Task goal
The entries below need to be transcribed exactly, without their images.

Brief descriptive captions
- - -

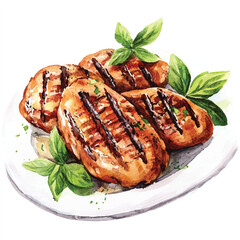 Grilled chicken watercolor clipart illustration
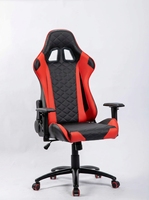 Chaise de bureau ergonomique en similicuir PU, style racing, avec fonction massage, hauteur réglable, repose-pieds, pivotante et moderne pour la maison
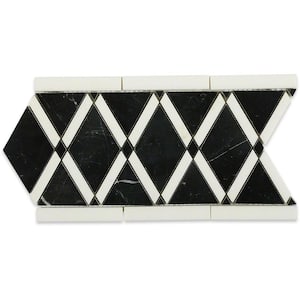 Grand Nero Border 6 in. x 12 in. x 10 mm Polished Marble Floor and Wall Tile
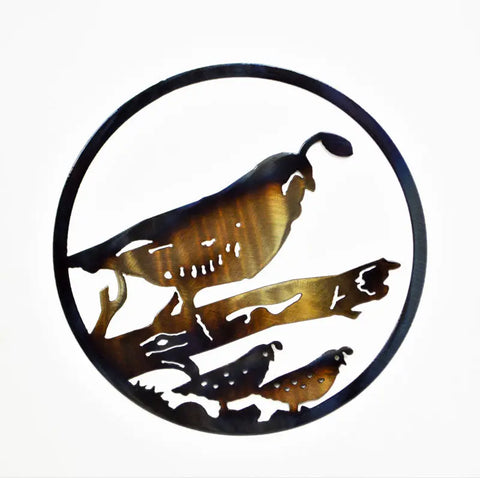 Handcrafted Quail Family Metal Wall Art – Rustic Nature-Inspired Decor | Made in USA Knights Home Decor  item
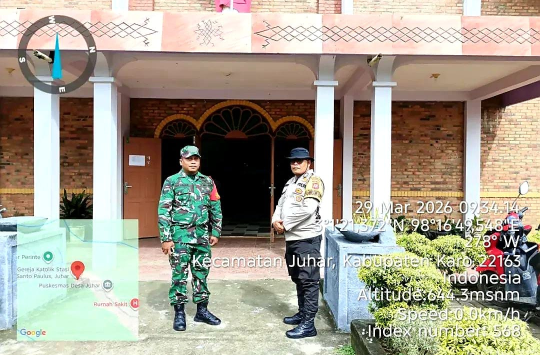 Pengamanan Ibadah dan Minggu Kasih di Juhar: Polisi Hadir Jaga Keamanan dan Perkuat Kedekatan dengan Warga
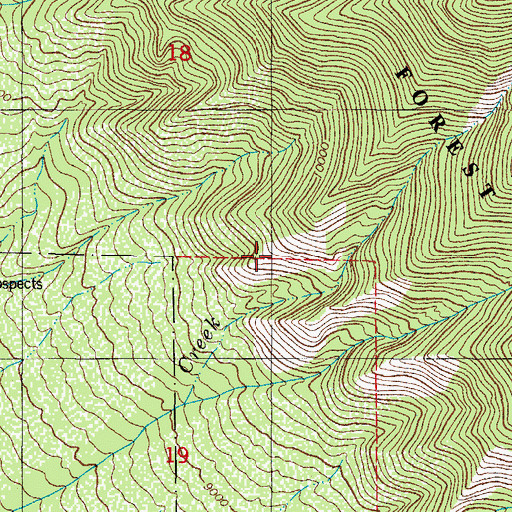 Topographic Map of Red Creek, CO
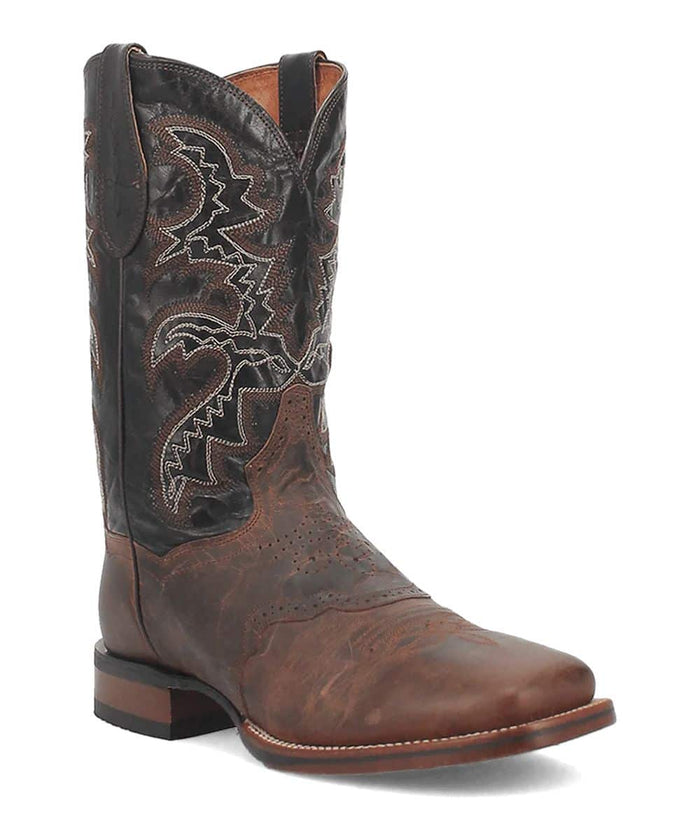 Dan Post Men's Franklin Boot: Dark brown leather, tall shaft, round toe, raised heel. Light stitching, intricate upper patterns, angular cuff design. Medium brown sole. Western-inspired silhouette.
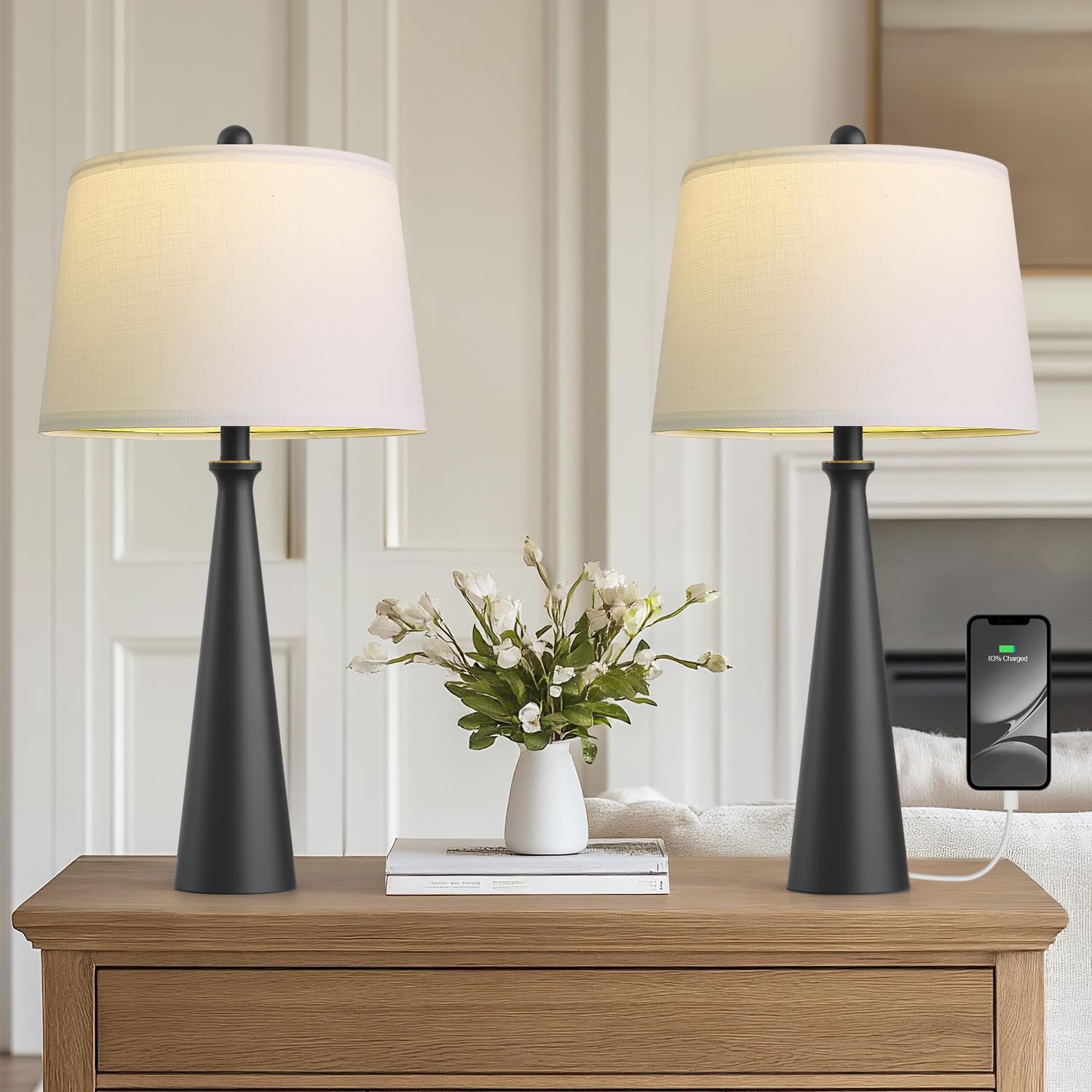 Oneach 25.75'' Modern Table Lamp Set Of 2, Bedside Lamps With Usb Ports, Black Nightstand Lamps Set For Living Room Bedroom Hous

- - -

The answer
 Grilled chicken watercolor clipart illustration
 Chaise de bureau ergonomique en similicuir PU, style racing, avec fonction massage, hauteur réglable, repose-pieds, pivotante et moderne pour la maison
 Grand Nero Border 6 in. x 12 in. x 10 mm Polished Marble Floor and Wall Tile
 Handcrafted Quail Family Metal Wall Art – Rustic Nature-Inspired Decor | Made in USA Knights Home Decor  item
 Pengamanan Ibadah dan Minggu Kasih di Juhar: Polisi Hadir Jaga Keamanan dan Perkuat Kedekatan dengan Warga
 Topographic Map of Red Creek, CO
 Dan Post Men's Franklin Boot: Dark brown leather, tall shaft, round toe, raised heel. Light stitching, intricate upper patterns, angular cuff design. Medium brown sole. Western-inspired silhouette.
 Oneach 25.75'' Modern Table Lamp Set Of 2, Bedside Lamps With Usb Ports, Black Nightstand Lamps Set For Living Room Bedroom Hous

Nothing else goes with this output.